3

My Unicode-related vocabulary isn't very good, so sorry for the verbose question.

A character like ã can be represented by \u00e3 (Latin small letter a with tilde), or \u0061 (Latin small letter a) in combination with combining diacritical mark \u0303 (combining tilde). Now, in Java, in order to match any Unicode letter, I'd look for [\p{L}], but JavaScript doesn't understand that, so I'll have to look for the individual code points (\unnnn). How can I start with an ã and figure out all the various ways it can be represented in Unicode so I can include them in my regular expression in \unnnn format?

T.J. Crowder
  • 1,031,962
  • 187
  • 1,923
  • 1,875
Christian
  • 6,070
  • 11
  • 53
  • 103
  • Your original question probably fell afoul the *"Questions asking us to recommend or find a book, tool, software library, tutorial or other off-site resource are off-topic for Stack Overflow"* rule.

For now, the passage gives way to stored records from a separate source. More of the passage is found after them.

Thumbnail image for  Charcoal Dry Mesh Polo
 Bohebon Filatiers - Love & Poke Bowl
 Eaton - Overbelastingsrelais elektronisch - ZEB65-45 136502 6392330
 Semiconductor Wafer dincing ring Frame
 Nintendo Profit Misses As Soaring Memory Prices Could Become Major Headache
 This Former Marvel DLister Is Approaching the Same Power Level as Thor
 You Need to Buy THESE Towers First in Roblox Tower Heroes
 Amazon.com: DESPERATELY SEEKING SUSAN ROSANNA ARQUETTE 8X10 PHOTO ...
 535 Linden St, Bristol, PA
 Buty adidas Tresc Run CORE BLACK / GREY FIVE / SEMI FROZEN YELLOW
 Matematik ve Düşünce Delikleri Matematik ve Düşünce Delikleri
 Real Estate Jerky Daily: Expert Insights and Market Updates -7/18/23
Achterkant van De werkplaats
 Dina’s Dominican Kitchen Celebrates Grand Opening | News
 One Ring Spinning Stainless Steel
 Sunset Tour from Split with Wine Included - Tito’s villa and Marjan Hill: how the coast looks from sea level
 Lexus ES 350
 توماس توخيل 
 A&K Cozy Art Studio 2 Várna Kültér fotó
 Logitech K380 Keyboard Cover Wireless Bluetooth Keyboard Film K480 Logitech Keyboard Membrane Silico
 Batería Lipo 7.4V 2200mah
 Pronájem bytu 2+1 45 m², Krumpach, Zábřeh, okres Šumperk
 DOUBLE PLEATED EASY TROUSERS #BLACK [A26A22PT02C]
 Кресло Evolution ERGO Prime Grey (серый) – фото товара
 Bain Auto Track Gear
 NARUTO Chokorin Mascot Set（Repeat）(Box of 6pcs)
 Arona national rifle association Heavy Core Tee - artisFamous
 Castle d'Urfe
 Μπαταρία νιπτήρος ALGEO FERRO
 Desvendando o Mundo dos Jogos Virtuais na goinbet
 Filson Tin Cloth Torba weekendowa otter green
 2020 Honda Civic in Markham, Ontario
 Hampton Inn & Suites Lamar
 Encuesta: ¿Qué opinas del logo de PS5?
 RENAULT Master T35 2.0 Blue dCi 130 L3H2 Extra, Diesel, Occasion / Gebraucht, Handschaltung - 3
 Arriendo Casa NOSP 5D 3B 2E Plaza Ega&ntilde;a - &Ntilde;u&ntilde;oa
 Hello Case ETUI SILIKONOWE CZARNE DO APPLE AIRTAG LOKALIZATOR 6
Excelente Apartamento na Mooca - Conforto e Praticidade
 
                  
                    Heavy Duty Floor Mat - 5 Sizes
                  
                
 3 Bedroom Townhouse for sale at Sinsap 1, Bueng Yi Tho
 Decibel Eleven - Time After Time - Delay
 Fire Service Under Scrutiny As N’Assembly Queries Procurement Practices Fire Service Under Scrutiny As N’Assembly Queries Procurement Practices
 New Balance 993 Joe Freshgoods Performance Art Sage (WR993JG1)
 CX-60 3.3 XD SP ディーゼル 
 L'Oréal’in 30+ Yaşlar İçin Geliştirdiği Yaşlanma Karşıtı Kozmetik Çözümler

I've edited it to try to implement the second half of that close reason (*"Instead, describe the problem and what has been done so far to solve it."*) as best I can – T.J. Crowder Oct 06 '15 at 13:59
  • You might want to change the focus of the question, though, because I think you're hitting the X/Y problem: You've asked a question about X ("how do I get the list of Unicode ways to represent ã so I can include them in a regex in `\unnnn` form) , but your *real* question is Y ("How do I reliably detect ã in a JS regular expression whether it's written `\u00e3` or `\u0061\u0303`)?" – T.J. Crowder Oct 06 '15 at 14:01
  • Very interesting question. – T.J. Crowder Oct 06 '15 at 14:01
  • 3
    You are asking two questions. One is "How can I do stuff like `\p{L}`; the other is "how do I decompose a Unicode character?" The first question is discussed [here](http://stackoverflow.com/questions/280712/javascript-unicode-regexes); the second [here](http://stackoverflow.com/questions/7772553/javascript-unicode-normalization). – Raymond Chen Oct 06 '15 at 14:02
  • 1
    Thanks. @raymond-chen: I really want to know how to get it decomposed and printed to screen, I guess... Which seems to be the answer to the first question, if I'm not mistaken... – Christian Oct 06 '15 at 14:05
  • Decomposition was your second question. The first was generalized character classes. – Raymond Chen Oct 06 '15 at 14:06

1 Answers1

2

How can I start with an ã and figure out all the various ways it can be represented in Unicode

You're looking for the Unicode Equivalence.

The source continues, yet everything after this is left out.